The effective impact of this was that many users were unable to load applications on the webpage or interact with canisters as the majority of messages during this period of time were either rate limited or rejected by the replica. In the project’s case, many users were unable to load the application fully and claim their NFT.
During the peak period at 20:00 UTC, traffic increased dramatically, peaking at just over 38k requests/sec.
During earlier waves, the replicas and subnet behaved normally. During the peak period, an influx of heavy update traffic (202 call submit) came in going from 18 updates/s to over 1k updates/s to the subnet.
Close up for the critical time period:
This caused a dip in finalization rate from around 1 block/s to a bit over 0.3 blocks/s.
During this period, heavy ingress message throttling was observed, reaching levels of over 50 messages/s.
Execution round instruction went to over 1.8 billion and execution rounds were taking around 2.5 seconds (with large outliers).
During the peak period, client side (browser console log) visiting the project’s asset canister, directly served from the IC, shows a ton of error code 500 returned from boundary.ic0.app. Its frontend requires many assets to load to become fully functional: this explains why so many users were not able to do anything except keep reloading the page.
Timeline (UTC)
- 2021-09-01T16:00 - The first wave of NFT claiming and countdown starts.

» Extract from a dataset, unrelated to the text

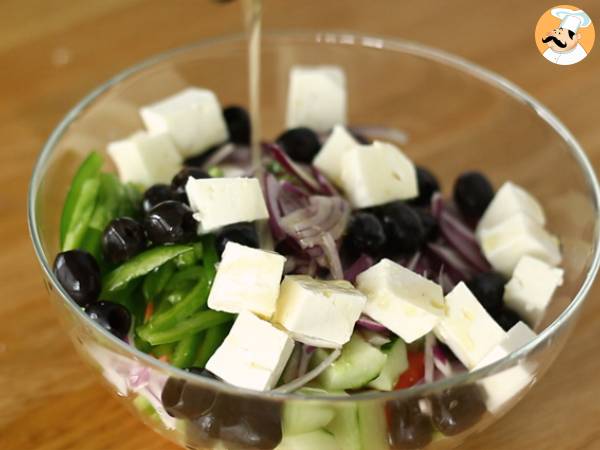 Grekisk sallad eller horiatiki - Beredning steg 3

- 2021-09-01T16:15 - Rate limiting by the boundary nodes is observed on query calls, a pattern which continues to increase as 20:00 approaches.
- 2021-09-01T19:00 - The second wave of NFT claiming occurs; this causes further increases in traffic, but update volume is still low as this group has a limited number of participants.
- 2021-09-01T20:00 - The main drop of NTFs occurs and traffic dramatically increases, peaking at 38k req/s to the boundary nodes. Subnet pjljw finalization rate drops to 0.3 blocks/s
- 2021-09-01T20:05 - The ICA dashboard is observed to fail to load during this period.
- 2021-09-01T20:40 - Traffic tapers off as the drop ends and project shows sold out. Traffic drops to 10k req/s and continues to drop as time goes on.
- 2021-09-01T20:45 - The ICA dashboard returns to normal operation.
- 2021-09-01T20:45 - Subnet pjljw returns back to normal finalization rate.
What caused the disruption?
High query load to a few canisters caused the rate limiting. The high update load caused the subnet performance to degrade afterwards. These two factors resulted in the project’s applications along with other canisters on the subnet being inaccessible to many users.
What went wrong?
The IC replicas were not serving real user traffic anywhere close to the theoretical maximum rate.
What went right?
The subnet pjljw continued processing queries and updates and did not fail despite the high traffic. The boundary nodes also continued successfully serving traffic. The rate limiting protections worked well and protected the subnet from the bulk of the traffic, which unfiltered could have caused more disruption in the subnetwork replicas.
Follow-up action Items
- Improve documentation on how to scale decentralized applications on the IC.
- Enable (standards compliant) caching of HTTP on the boundary nodes and communicate best practices to developers.
- Evaluate query API call result caching on replicas within a block interval.
- Use more threads for Execution (currently we are single threaded using 1 of 64 cores).
- Load test and tune the rate limits based on more realistic traffic loads.